Question

What is the maximum mass of ammonia that can be formed when 28.17 grams of nitrogen gas reacts with 10.62 grams of hydrogen gas according to the following equation? Please round your answer to the nearest 0.01 gram.

N2 + 3 H2 à 2 NH3

Answer 1

34.26 grams of NH3 will be formed

Step-by-step explanation:

Step 1: Data given

Mass of nitrogen gas (N2) = 28.17 grams

Molar mass of N2 = 28.00 g/mol

Mass of hydrogen gas (H2) = 10.62 grams

Molar mass of H2 = 2.02 g/mol

Step 2: The balanced equation

N2(g) + 3H2(g) → 2NH3(g)

Step 3: Calculate moles

Moles = mass / molar mass

Moles N2 = 28.17 grams / 28.00 g/mol

Moles N2 = 1.006 moles

Moles H2 =10.62 grams / 2.02 g/mol

Moles H2 = 5.27 moles

Step 4: Calculate the limiting reactant

For 1 mon N2 we need 3 moles H2 to produce 2 moles NH3

N2 is the limiting reactant.
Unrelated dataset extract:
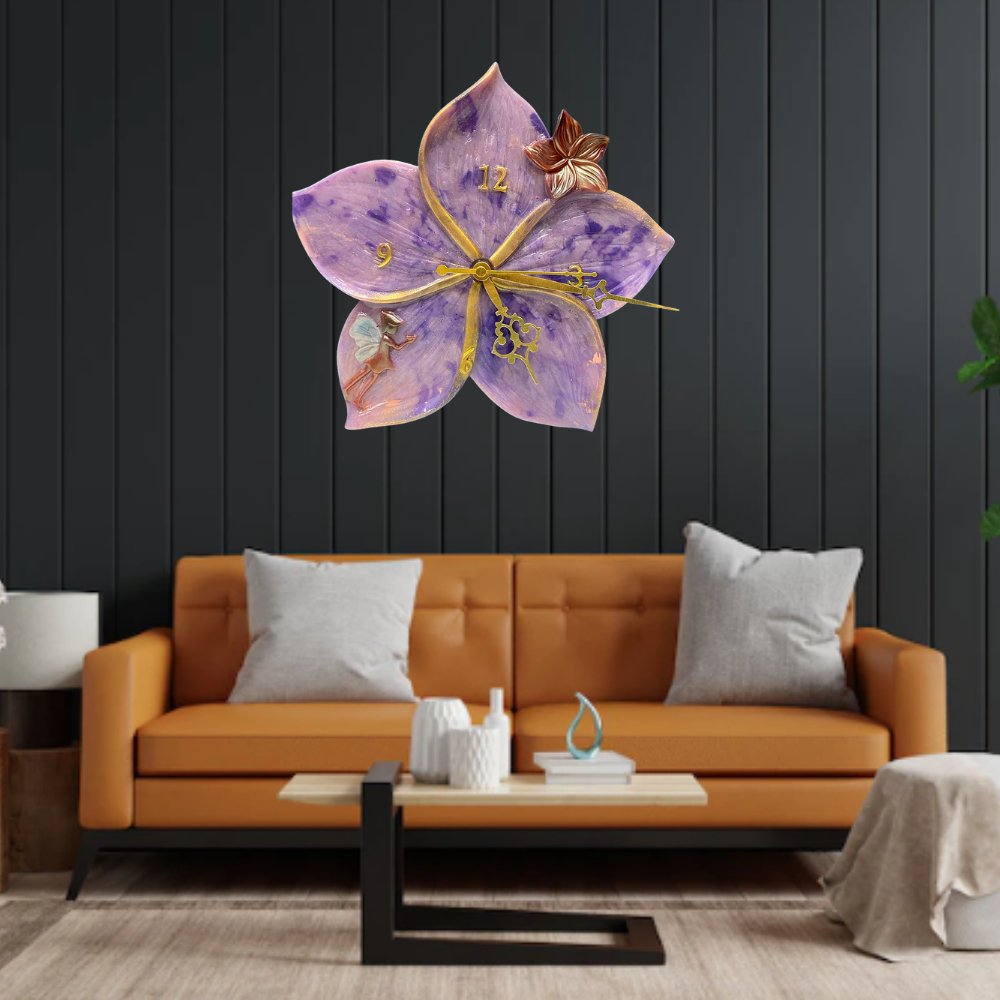 Resin Flower Clock - Kreate- Wall Decor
It will completely be consumed (1.006 moles). H2 is in excess. There will react 3*1.006 = 3.018 moles

There will remain 5.27 - 3.018 = 2.252 moles

Step 5: Calculate moles NH3

For 1 mon N2 we need 3 moles H2 to produce 2 moles NH3

For 1.006 moles N2 we'll have 2*1.006 = 2.012 moles NH3

Step 6: Calculate mass NH3

Mass NH3 = moles NH3 * molar mass NH3

Mass NH3 = 2.012 moles * 17.03 g/mol

Mass NH3 = 34.26 grams

38.13 grams of NH3 will be formed

Answer 2

34.21g of ammonia

Step-by-step explanation:

N2 + 3 H2 ------->2 NH3

First find the limiting reactant

Using hydrogen

10.62 g of H2× 1.0 mole of H2/2g H2 ×2.0 mol of NH3/3.0 mol of H2× 17.0 g of NH3/1.0 mol of NH3= 60.18g of NH3

Using nitrogen

28.17 g of N2× 1.0 mole of N2/28g N2 ×2.0 mol of NH3/1.0 mol of N2 × 17.0 g of NH3/1.0 mol of NH3= 17.1g of NH3

Hence nitrogen gas is the limiting reactant.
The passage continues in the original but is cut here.